RouteTestMinimum levelMinimum score
Family (initial)IELTS Life Skills A1A1 CEFRPass (A1 speaking + listening)
Family (extension)IELTS Life Skills A2A2 CEFRPass (A2 speaking + listening)
Skilled WorkerIELTS for UKVI GT, PTE Academic UKVIB1 CEFRIELTS 4.0+ each skill
Student (visa requirement)IELTS for UKVI, PTE, LanguageCertB2 CEFRIELTS 5.5+
Student (university requirement)IELTS AcademicUsually B2 or aboveTypically 6.0 to 7.0
ILRIELTS for UKVI GT, PTE Academic UKVIB1 CEFRIELTS 4.0+ each skill
CitizenshipSame as ILR or previous evidenceB1 CEFRSame
HPI / GraduateNo test required,,
Health & Care WorkerIELTS for UKVI, OETB2 for nurses; B1 for some other rolesOET Grade B

Key: UKVI = specifically the UKVI-approved version of the test, not the standard academic version. IELTS Academic taken for university admission is not accepted for visa purposes, you need IELTS for UKVI (same skills, different form, taken at approved SELT centres).

Online tests vs in-person tests, what's permitted

All SELT (Secure English Language Tests) for UK immigration purposes must be taken in person at an approved test centre. There is no remote/online SELT option for visa purposes.

This is frequently misunderstood by candidates who see online English tests advertised by Pearson, Cambridge, or others. Those online tests may be used by universities for admissions, but they are not UKVI-approved SELTs.

Approved test centres are listed on gov.uk. In the UK, every major city has multiple centres. Overseas, centres are in most major cities globally.

What to do if your test result is lost or destroyed

SELT results are held by the testing provider. If you lose your physical result letter:

  • IELTS: Request a replacement via your IELTS account or by contacting the British Council/IDP. Replacement typically takes 7 to 10 working days and may carry an administrative fee.
  • PTE Academic: Results are digital and permanently accessible in your Pearson account.
  • OET: Digital access through your OET account; replacement letters available on request.

For visa purposes, UKVI can directly query the test provider's database when your reference number is provided. Even if your paper result is lost, providing the test date, test centre, and reference number in your application enables UKVI to verify the result electronically.

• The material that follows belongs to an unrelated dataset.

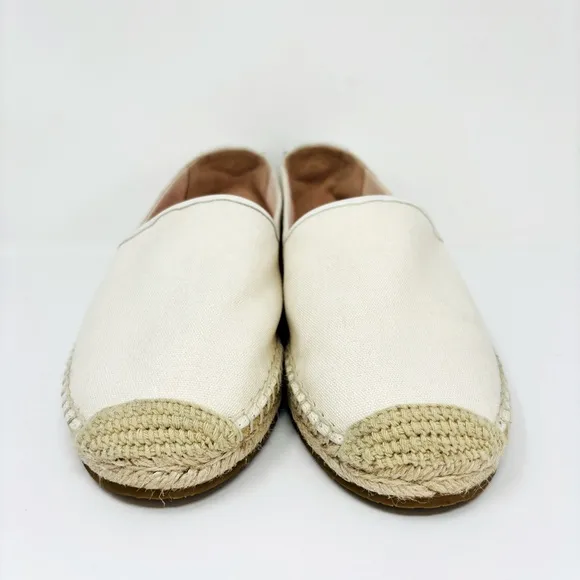 KATE SPADE Gramercy Cream Espadrille Canvas Slip On Sneaker 9.5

Rejected tests, what happens and how to respond

Test providers can reject results for suspected malpractice (impersonation, cheating). If your test result is "cancelled" after issuance:

  • The testing provider will notify you
  • UKVI will also be notified
  • If your visa was already granted based on the cancelled result, UKVI may seek to curtail your leave
  • You have the right to appeal the cancellation with the test provider

A cancelled test result is treated very seriously. If you believe the cancellation is incorrect, engage the test provider's appeals process immediately and simultaneously seek legal advice.

Providing a fraudulent or cancelled SELT result is a deception matter that can result in a 10-year ban.

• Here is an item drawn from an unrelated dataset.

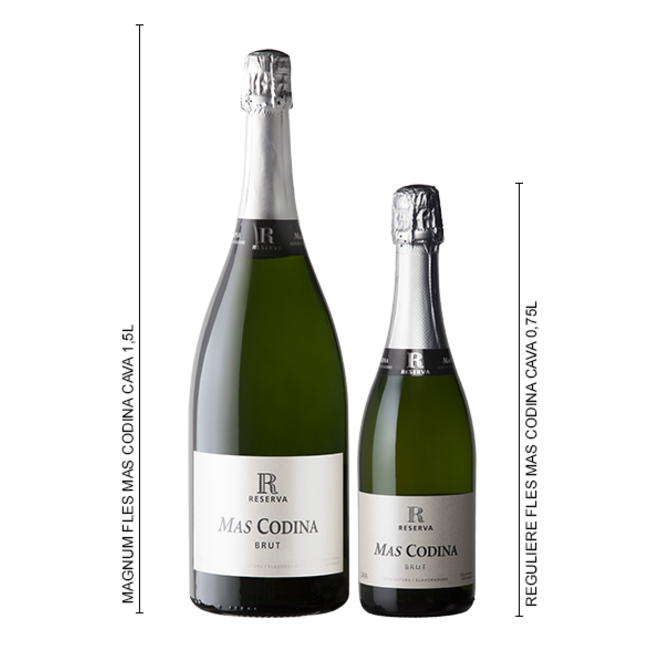 Mas Codina Cava Brut Reserva MAGNUM 1,5L - Penedès, Spanje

Maintaining valid English evidence across visa stages

Your English test result is valid for 2 years. This creates a timeline issue for long-stay visa holders:

  • If you took IELTS for a Skilled Worker visa in 2023, it expires for visa purposes in 2025
  • If you apply for ILR in 2028 (5 years later), you cannot reuse the 2023 result
  • You need a new test (IELTS for UKVI GT, PTE Academic UKVI) before your ILR application

However: if you used English evidence in a previous successful UK visa application, UKVI may hold this on file. At ILR, caseworkers can check the Home Office system for your previous English evidence. Many ILR applicants who originally came on Skilled Worker find they don't need to retest, their previous SELT is on the UKVI system.

The safest approach: check with an immigration advisor whether your previous test is on file before paying £250+ for a new test. If the record isn't there or the test was more than 2 years ago, retest.